These organisms, too small to be seen by the naked eye, are called extremophiles.

There are examples of extremophile microbes that can tolerate salt levels of up to 100 per cent saturation, and that can live in conditions as acidic as battery acid.

Some are even active at temperatures as low as –20ºC inside tiny channels of liquid water within the hard-frozen ice of a glacier or polar ice shelf.

Although Phoenix won’t be able to detect life itself, its MECA instrument (see diagram above) will be able to characterise the icy martian soil in terms of how salty or acidic it is.

This will tell scientists whether it is an environment where extreme life forms could possibly exist – a subsurface habitable zone.

Many microbes on Earth can also feed off inorganic compounds within rock minerals, and Phoenix will be able to detect such potential energy sources.

Phoenix's Arsenal

Robotic arm

This jointed digging arm has been designed to scrape a ditch up to 50cm deep out of the frozen soil.
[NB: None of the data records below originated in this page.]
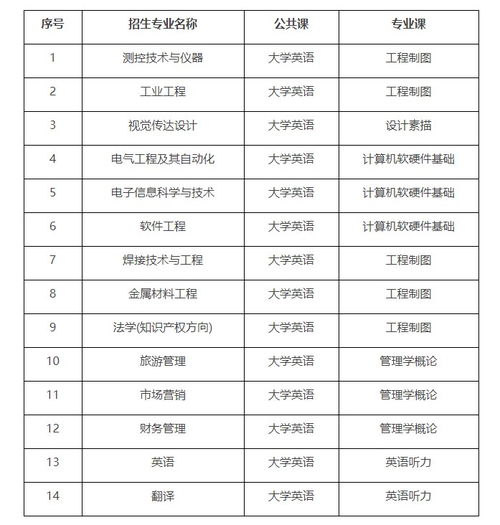 专升本汽车专业考多少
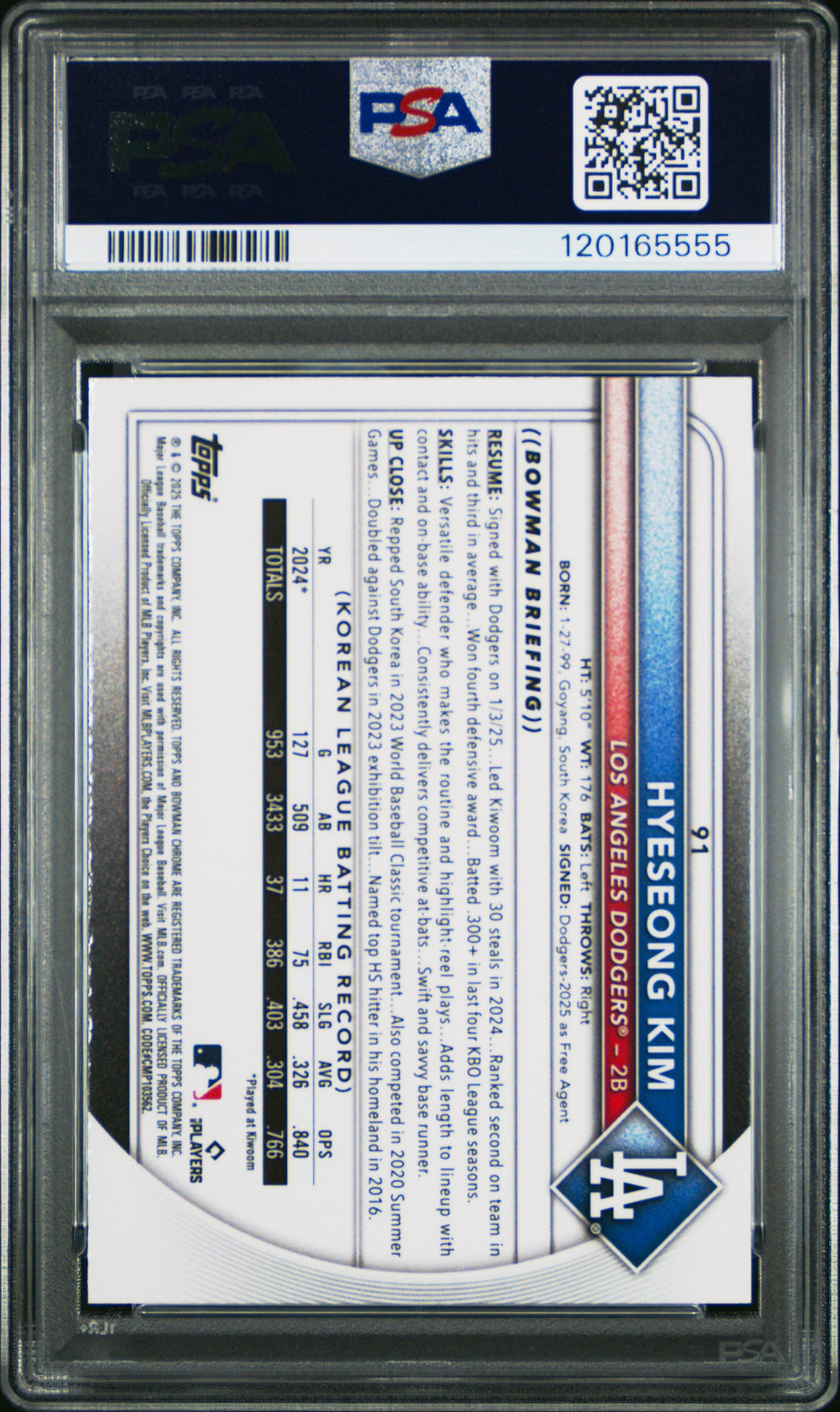 Graded 2025 Topps Bowman Mega Box Hyeseong Kim #91 Rookie RC Baseball Card PSA 10 Gem Mint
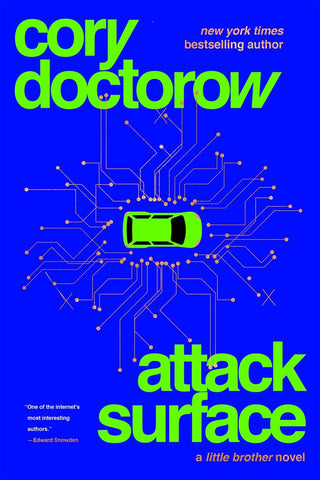 Attack Surface - Thryft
Soil samples from different depths will be scooped up and delivered to the various analysis instruments on top of the probe.

Microscopy, Electrochemistry and Conductivity Analyzer (MECA)

As well as examining tiny soil grains microscopically, this package will stir warm water into soil samples and measure the concentration of dissolved chemicals to judge the saltiness and acidity of the mud, as well as the presence of destructive chemical oxidants.

More like this

Thermal and Evolved Gas Analyzer (TEGA)

TEGA will be used to bake samples of martian soil and measure the amount of water vapour wafting off as well as the minerals present.

It will even sniff for small organic molecules.

Warmer spells

While some terrestrial extremophiles can thrive even at sub-zero temperatures, the martian polar wastelands are currently far too chilly for life as we know it.

However, this deep-freeze does provide excellent conditions for preserving organisms and organic particles, which Phoenix may be able to sniff out.

And just because Mars is chilly now, it doesn’t mean that it always was.

Just as Earth’s climate swings between cold ice ages and warmer interglacial periods, wobbles in Mars’s tilt or orbit around the Sun would provide spells of warmer conditions in the polar regions.

For a short time every few tens of thousands or millions of years, permafrost near the polar surface may thaw, allowing polar life a chance to re-animate after long winters of dormancy.

This theory of transient thawing would be supported if Phoenix discovers increasing levels of salts as it digs down into the surface.

Organics in the soil

The Viking probes that landed on Mars during the 1970s could find no trace of organic molecules in the handfuls of martian grit that they analysed.

To scientists back on Earth, this was baffling: organic compounds were expected to have literally fallen from the heavens aboard meteorites and accumulated in the martian topsoil.

Recent evidence has shown that Viking scientists were right to be baffled. Late last year, researchers announced that work on martian meteorite ALH84001 had revealed that Mars did indeed once host the chemical reactions that create organic molecules, which are the first steps for kick-starting life.

Phoenix has a chemical detector (TEGA) many times more sensitive than similar equipment on board the Viking missions, and it will also be able to dig up soil from deeper underground.

This is where interesting molecules may have survived, so it is hoped this latest explorer will find organics on Mars for the first time.

Although previous missions have taught us that ancient Mars was undeniably more like Earth, the current surface conditions are decidedly inhospitable.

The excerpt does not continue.